I'm attempting to re-post this because I am hoping it was just over-looked and not so very obscure that no one knew any of the answers...
"Borrowed" from
embroiderama, among others:
1. Pick 15 of your favorite movies.
2. Go to IMDb, and find a quote from each movie.
3. Post them here for everyone to guess.
4. Strike it out when someone guesses correctly, and put who guessed it and the movie.
5. NO GOOGLING/using IMDb search functions!
1) Sheriff! You are violating my territorial bubble.
2) Consider: One, probability is a factor which operates *within* natural forces. Two, probability is *not* operating as a factor. Three, we are now held within un-, sub- or super-natural forces. Discuss.
3) I watch soap operas. I bake brownies. Normalcy is coursing through my veins.
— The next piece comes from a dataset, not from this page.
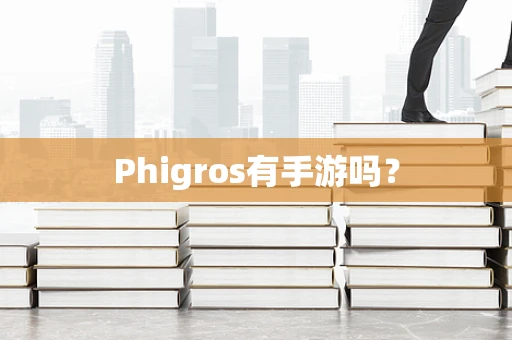 Phigros有手游吗？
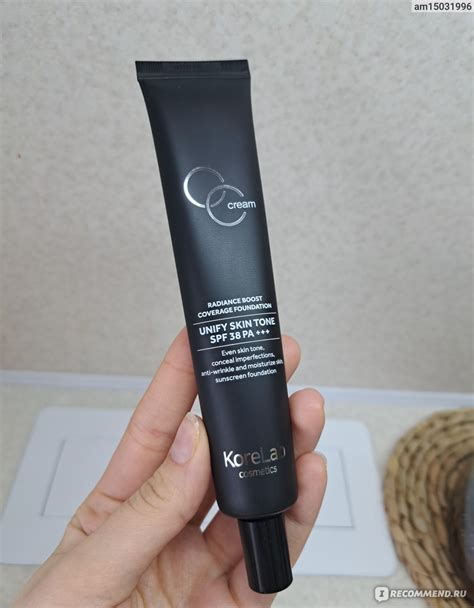 BB-CC крем KoreLab Тональный сс-крем с spf-38 с автоподстроением под ...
4) My father, the most beloved gynecologist in Vienna, before they took him away on a morals charge for indecent exposure at the State Opera House, said, and I quote: "Please do not take me away, I will not do it again."
Brilliant quote.
He was a brilliant pervert.
5) And monkey brains, although popular in Cantonese cuisine, is not often to be found in Washington D.C
6) OK ? now, girls. I want you to concentrate. Failure is not an option. And Bethany? If you feel the need to vomit up there, just swallow it.
-> not_refined
7) Did you have a brain tumor for breakfast? First you ask if you can be red, knowing that I'm always red.
-> not_refined
8) I crashed my van into Jesus! Okay? I have a pimple the size of Jupiter! I am NOT okay! This is not how I wanted to remember my Prom. This is not how I wanted to remember my life.
-> terraneanblues
9) It had been a wonderful evening and what I needed now, to give it the perfect ending, was a little of the Ludwig Van.
10) I'm not one to use hyperbole, ladies and gentlemen but I'll tell you this, for the first time in my life I had the caca scared out of me!
11) I'm going to find it and I'm going to destroy it. I don't know how yet. Possibly with dynamite.
12) Well, I've wrestled with reality for 35 years, Doctor, and I'm happy to state I finally won out over it.
13) Now you think this would frighten me. Well it doesn't. Because I know this is just a filthy figment of my diseased imagination. All I have to do is simply reach out my hand and touch it!
14) I warn you, sir, I've killed as many as six men in a week. Eight if you count matinees.
15) Well, in my humble opinion, we've become involved in Einstein's time-space continuum theory. Relatively speaking, that is.